Schwäbische Zeitung (Bad Waldsee / Aulendorf)
„Die Katze steckt sich beim Menschen an“
Stua-Leiter Thomas Miller über die Rolle von Haustieren in der Corona-Pandemie
AULENDORF - Vogelgrippe, Salmonellen, Rindertuberkulose: Seuchentests bei Schweinen, Rindern und Geflügel sind am Staatlichen Tierärztlichen Untersuchungsamt in Aulendorf (Stua) Alltag. Paulina Stumm hat mit Thomas Miller, dem Leiter des Aulendorfer Diagnostikzentrums, darüber gesprochen, wie Corona den Arbeitsalltag in seinen Laboren verändert hat und welche Rolle Haustiere bei der Übertragung von Sars-CoV-2 spielen.
Herr Miller, das Veterinäruntersuchungsamt Stuttgart wurde zur Laboruntersuchung von menschlichen Corona-Tests herangezogen. Könnte das Stua auch Corona-Tests von Menschen untersuchen?
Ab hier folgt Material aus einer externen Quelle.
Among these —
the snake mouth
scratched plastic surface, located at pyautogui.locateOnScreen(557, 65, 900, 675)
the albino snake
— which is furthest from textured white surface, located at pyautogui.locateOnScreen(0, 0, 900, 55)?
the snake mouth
Wir forschen nicht an den Viren, und momentan sind wir auch nicht daran, Proben zu untersuchen. Die grundsätzliche Untersuchungstechnik für Sars-CoV-2 ist ein molekularbiologisches Verfahren, das PCRVerfahren, das sowohl in der tiermedizinischen als auch in der humanmedizinischen Diagnostik erprobt ist. Das können wir als Tierärztliches Diagnostikzentrum daher auch.
Gab es schon Test-Anfragen an das Stua?
Ja, in der Anfangszeit im März wollten Landkreise wissen, ob wir Probenuntersuchungen durchführen würden. Das war dann aber nicht nötig, die Humanmedizin hat ihre Testkapazitäten deutlich erhöht.
Das Stua hat veterinärdiagnostische Aufgaben aus Stuttgart übernommen. Welche?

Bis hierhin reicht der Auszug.